[gmx-users] Gromacs on an IBM Power8

Szilárd Páll pall.szilard at gmail.com
Fri Sep 30 18:56:13 CEST 2016


Hi,

Unless your Power8 Linux machine/kernel is configured differently from
the ones I've used, thread placement with -ntomp -pinstride is quite
straightforward. You can see the hardware thread to "CPU" index
mapping in the log file if you compile with hwloc, under the "Hardware
topology:" section.
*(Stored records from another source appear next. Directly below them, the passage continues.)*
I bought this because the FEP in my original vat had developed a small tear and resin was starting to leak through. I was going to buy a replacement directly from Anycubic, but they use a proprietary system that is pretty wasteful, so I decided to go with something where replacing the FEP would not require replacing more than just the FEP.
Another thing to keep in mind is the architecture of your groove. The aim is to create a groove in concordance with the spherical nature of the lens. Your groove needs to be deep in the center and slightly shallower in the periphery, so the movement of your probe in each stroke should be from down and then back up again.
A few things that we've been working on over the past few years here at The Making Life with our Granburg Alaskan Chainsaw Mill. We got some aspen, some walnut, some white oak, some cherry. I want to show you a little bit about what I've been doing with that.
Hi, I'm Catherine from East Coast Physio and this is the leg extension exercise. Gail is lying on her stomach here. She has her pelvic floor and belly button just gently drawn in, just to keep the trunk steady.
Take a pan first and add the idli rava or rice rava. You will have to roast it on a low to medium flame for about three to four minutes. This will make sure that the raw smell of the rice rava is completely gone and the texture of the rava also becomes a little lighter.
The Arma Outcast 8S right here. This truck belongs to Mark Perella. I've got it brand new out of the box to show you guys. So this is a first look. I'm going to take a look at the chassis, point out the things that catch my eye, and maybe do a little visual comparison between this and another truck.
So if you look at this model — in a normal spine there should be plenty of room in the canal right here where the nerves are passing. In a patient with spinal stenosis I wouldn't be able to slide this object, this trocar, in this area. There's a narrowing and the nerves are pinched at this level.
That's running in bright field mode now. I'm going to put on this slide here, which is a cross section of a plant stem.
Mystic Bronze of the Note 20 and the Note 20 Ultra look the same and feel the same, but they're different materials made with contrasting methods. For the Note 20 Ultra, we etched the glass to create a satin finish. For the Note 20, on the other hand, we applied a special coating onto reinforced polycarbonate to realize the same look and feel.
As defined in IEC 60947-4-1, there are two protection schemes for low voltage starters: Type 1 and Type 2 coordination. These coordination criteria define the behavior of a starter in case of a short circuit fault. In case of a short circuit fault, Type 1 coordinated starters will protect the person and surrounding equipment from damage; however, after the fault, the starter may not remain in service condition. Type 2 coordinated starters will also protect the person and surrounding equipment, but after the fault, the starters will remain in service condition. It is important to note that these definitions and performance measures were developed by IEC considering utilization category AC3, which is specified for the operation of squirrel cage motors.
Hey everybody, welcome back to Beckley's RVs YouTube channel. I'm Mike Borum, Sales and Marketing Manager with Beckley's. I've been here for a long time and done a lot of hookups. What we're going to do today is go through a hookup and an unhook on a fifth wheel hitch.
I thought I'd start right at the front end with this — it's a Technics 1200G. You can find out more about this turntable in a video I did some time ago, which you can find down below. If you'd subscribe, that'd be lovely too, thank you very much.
So assuming you want to run on a single socket, to
place 1,2,4 or 8 threads per core use stride 8, 4, 2, 1, resp., i.e.:
gmx mdrun -ntmpi 1 -ntomp 12 -pinstride 8    # 1 th/core
gmx mdrun -ntmpi 1 -ntomp 24 -pinstride 4  # 2 th/core
gmx mdrun -ntmpi 1 -ntomp 48 -pinstride 2  # 4 th/core
[...]

I generally script this by computing the stride and thread count from
the #threads/core and total #hardware threads per socket / NUMA.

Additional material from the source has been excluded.